Exercise goal:
Only the lines from the first line of the data through the line containing "photo de Auspuffkrümmer" belong in the answer, transcribed exactly; pictures do not.
[Start of section]
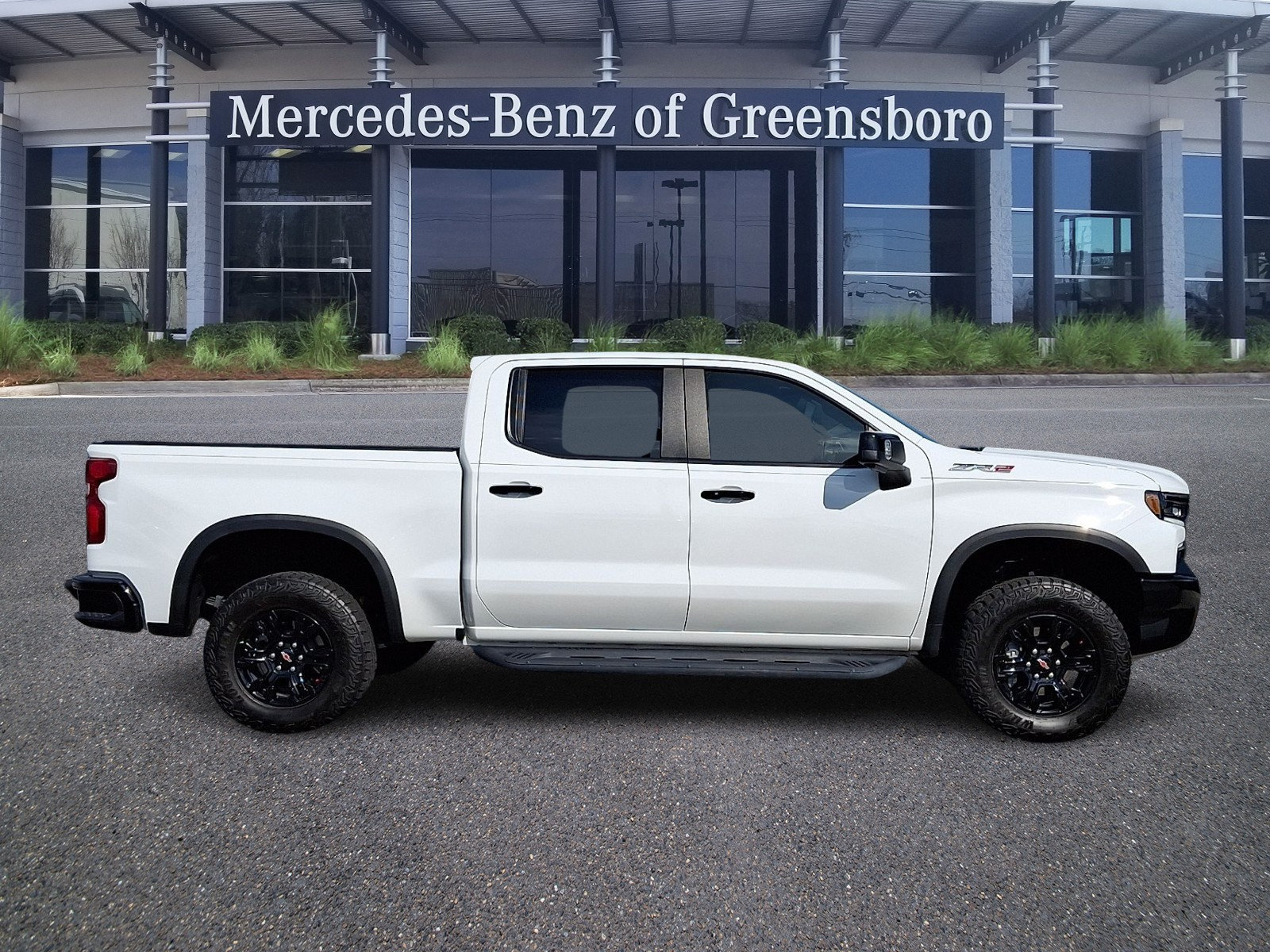 Used 2024 Chevrolet Silverado 1500 ZR2 w/ Technology Package AWD/4WD image 7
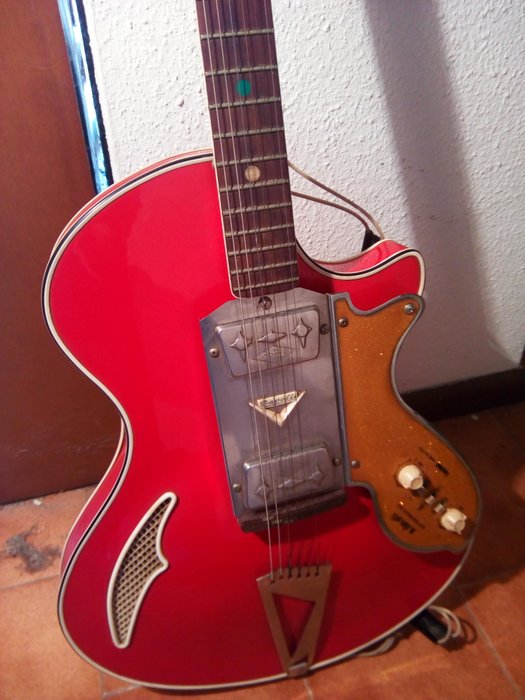 Davoli guitar from 1960 + Davoli Tremolo amplifier 1958 - Italy
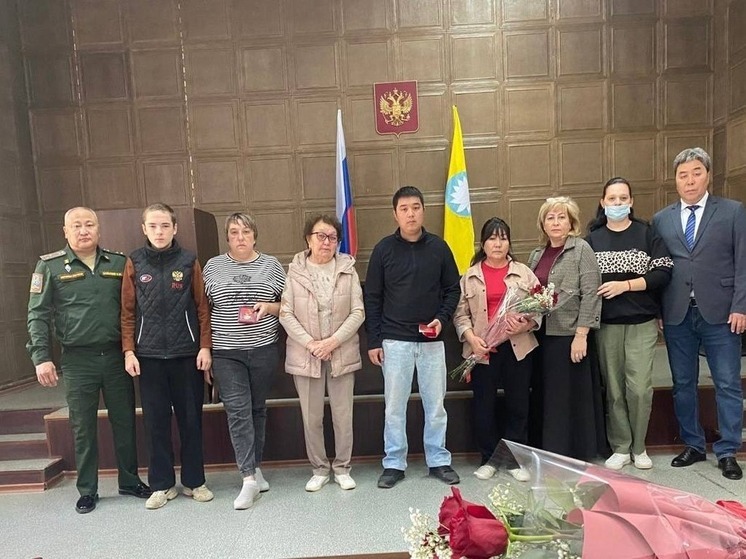 В Калмыкии родным передали награды погибших участников спецоперации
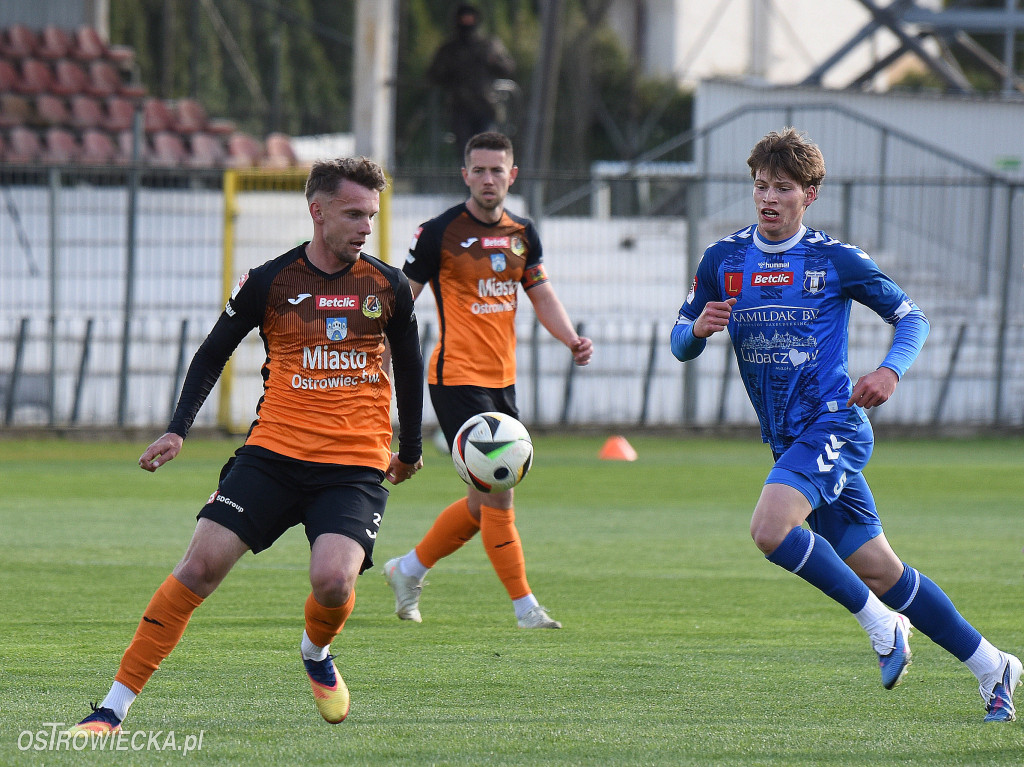 Bolesny remis w Ostrowcu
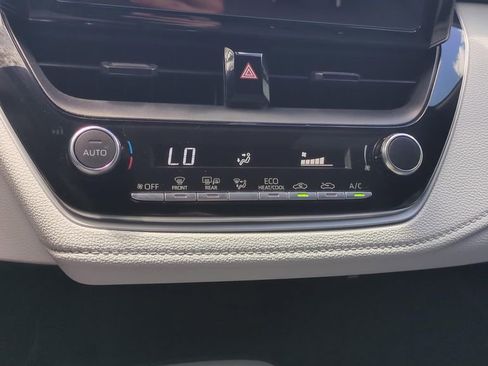 Certified 2024 Toyota Corolla SE image 18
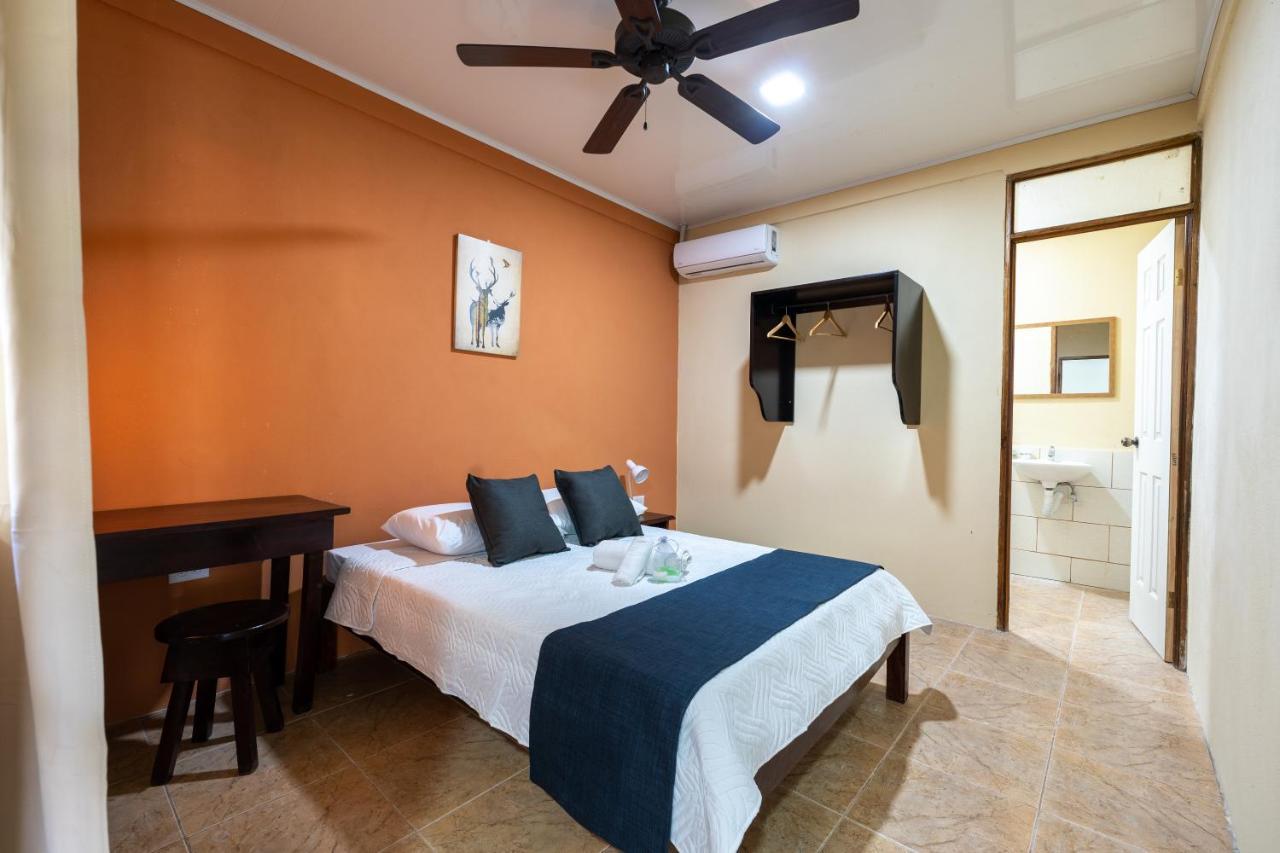 El Cocobolo Food&Rest Room 6 Bed And Breakfast Wifi Ac Pkg Gratis Liberia Exterior photo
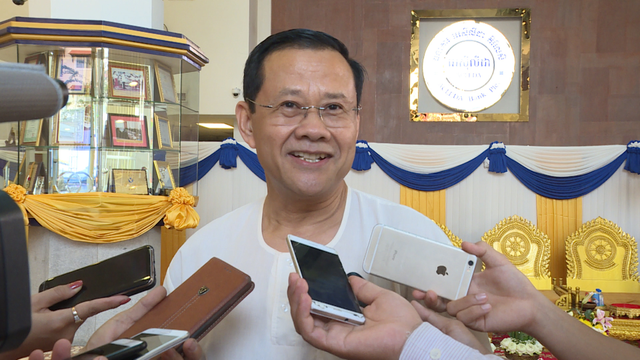 លោកបណ្ឌិត អ៊ិន ចាន់នី ប្រធាននាយកប្រតិបត្តិធនាគារអេស៊ីលីដា ថ្លែង ក្នុងពិធី ជួបជុំបុគ្គលិកធនាគារអេស៊ីលីដា ក្នុងឱកាស អបអរសាទរបុណ្យចូលឆ្នាំប្រពៃណីខ្មែរ កាលពីពេលថ្មីៗនេះ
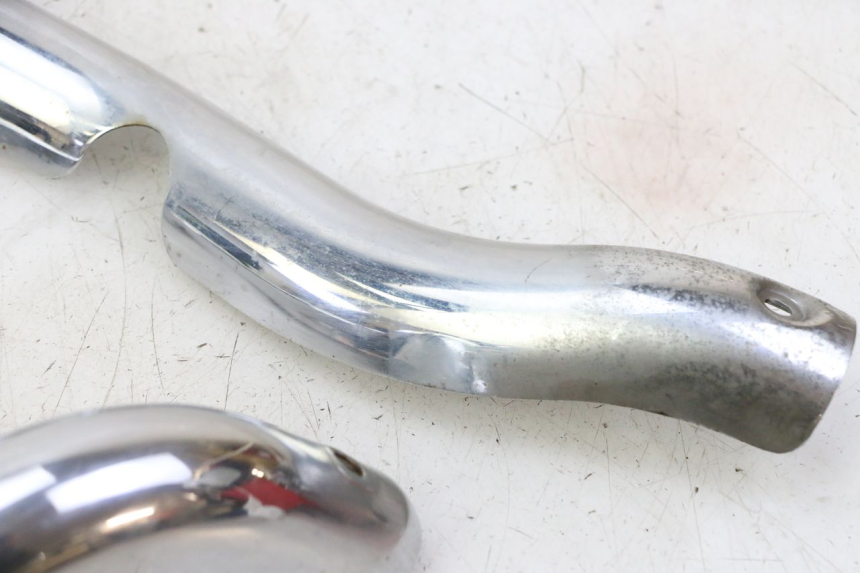 photo de Auspuffkrümmer HYOSUNG GV AQUILA 125 (2000 - 2009) - Oberflächenzustand und Material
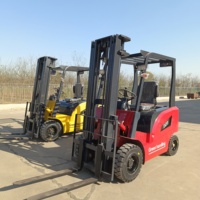 Montacargas Eléctrico Jichuan de Cuatro Ruedas con Tracción Total, Desplazador Lateral Eléctrico, Mástil de Una Etapa, CPD30 2000KG, CPD25 2500KG, 3M, 4M, 5M, 5.5M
[End of section]
Answer to this task:
 Used 2024 Chevrolet Silverado 1500 ZR2 w/ Technology Package AWD/4WD image 7
 Davoli guitar from 1960 + Davoli Tremolo amplifier 1958 - Italy
 В Калмыкии родным передали награды погибших участников спецоперации
 Bolesny remis w Ostrowcu
 Certified 2024 Toyota Corolla SE image 18
 El Cocobolo Food&Rest Room 6 Bed And Breakfast Wifi Ac Pkg Gratis Liberia Exterior photo
 លោកបណ្ឌិត អ៊ិន ចាន់នី ប្រធាននាយកប្រតិបត្តិធនាគារអេស៊ីលីដា ថ្លែង ក្នុងពិធី ជួបជុំបុគ្គលិកធនាគារអេស៊ីលីដា ក្នុងឱកាស អបអរសាទរបុណ្យចូលឆ្នាំប្រពៃណីខ្មែរ កាលពីពេលថ្មីៗនេះ
 photo de Auspuffkrümmer HYOSUNG GV AQUILA 125 (2000 - 2009) - Oberflächenzustand und Material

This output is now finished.